» Task instructions
Below is a listing; retype exactly the lines between the one containing "2015002391JML_LATVALA" and the one containing "room with new art_edited.jpg", inclusive, minus the pictures.

» Recorded data
++++++++++++++++++++

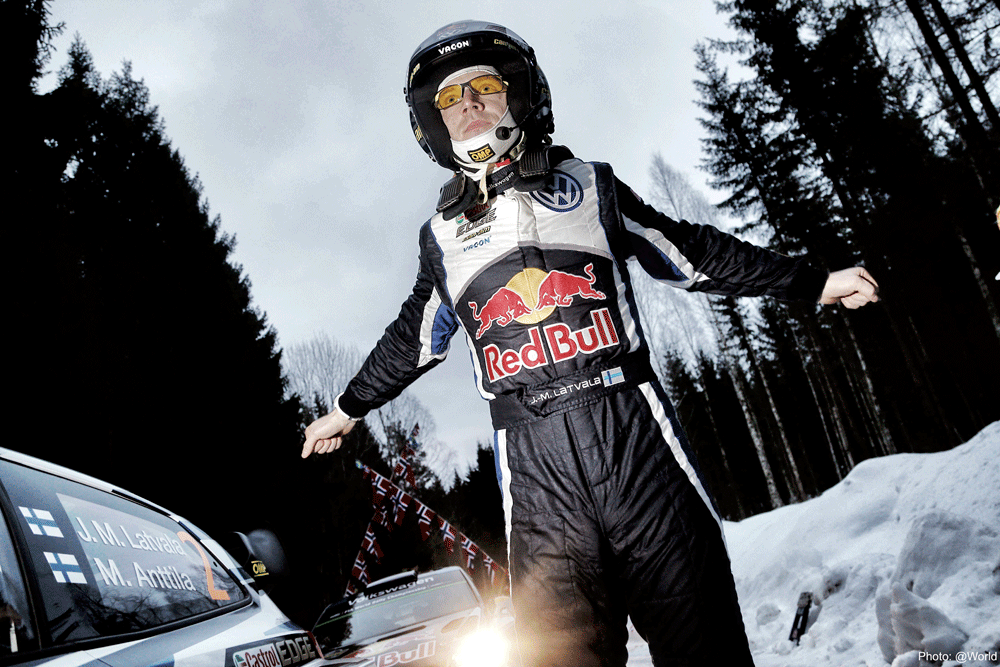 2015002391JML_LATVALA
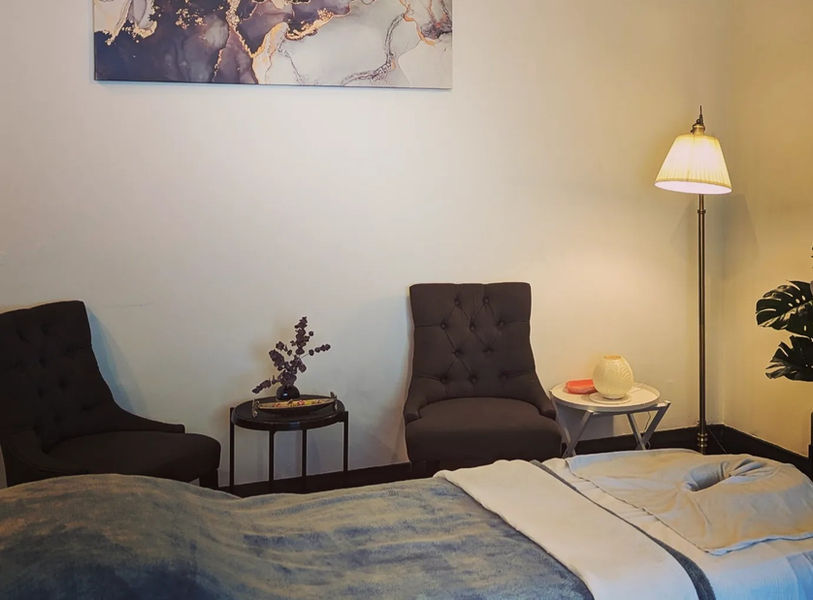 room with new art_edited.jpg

++++++++++++++++++++

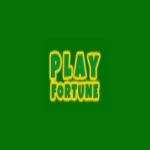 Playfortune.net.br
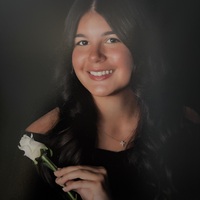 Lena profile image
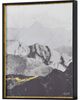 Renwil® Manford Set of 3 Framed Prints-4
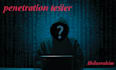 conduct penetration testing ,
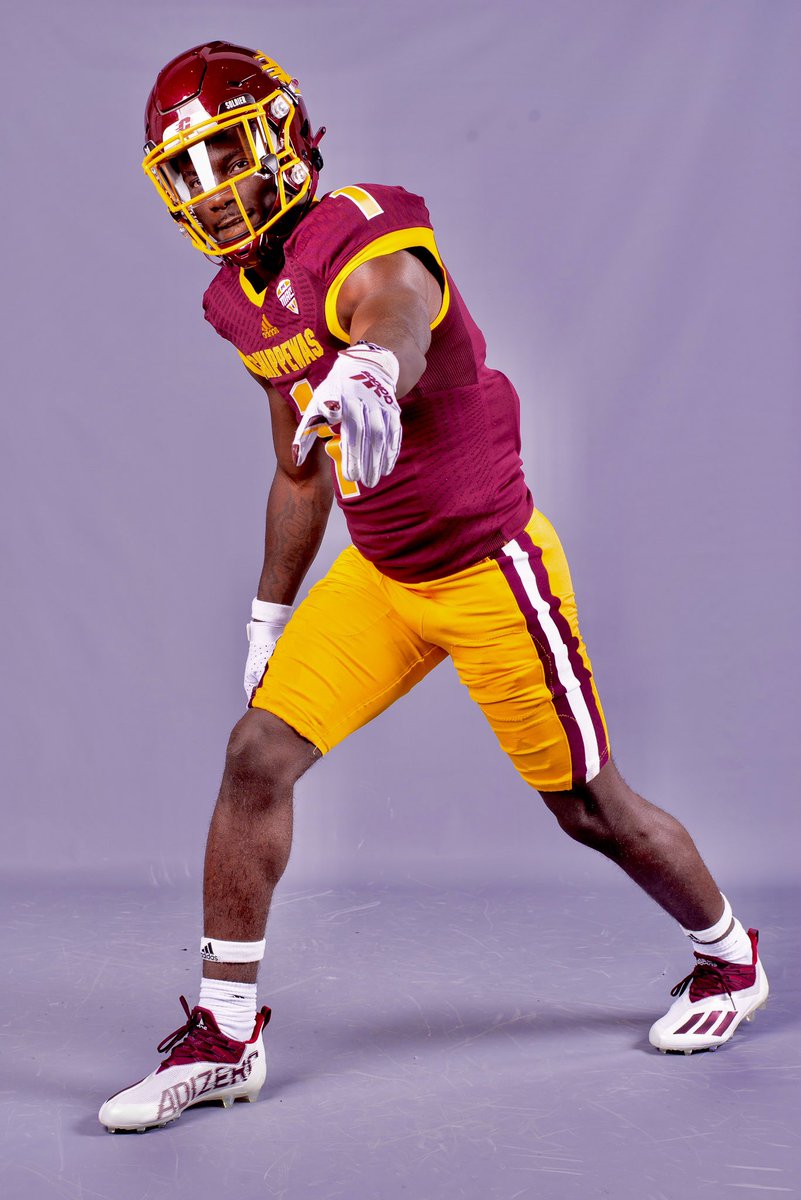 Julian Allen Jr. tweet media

++++++++++++++++++++

» Result for this exercise
 2015002391JML_LATVALA
 room with new art_edited.jpg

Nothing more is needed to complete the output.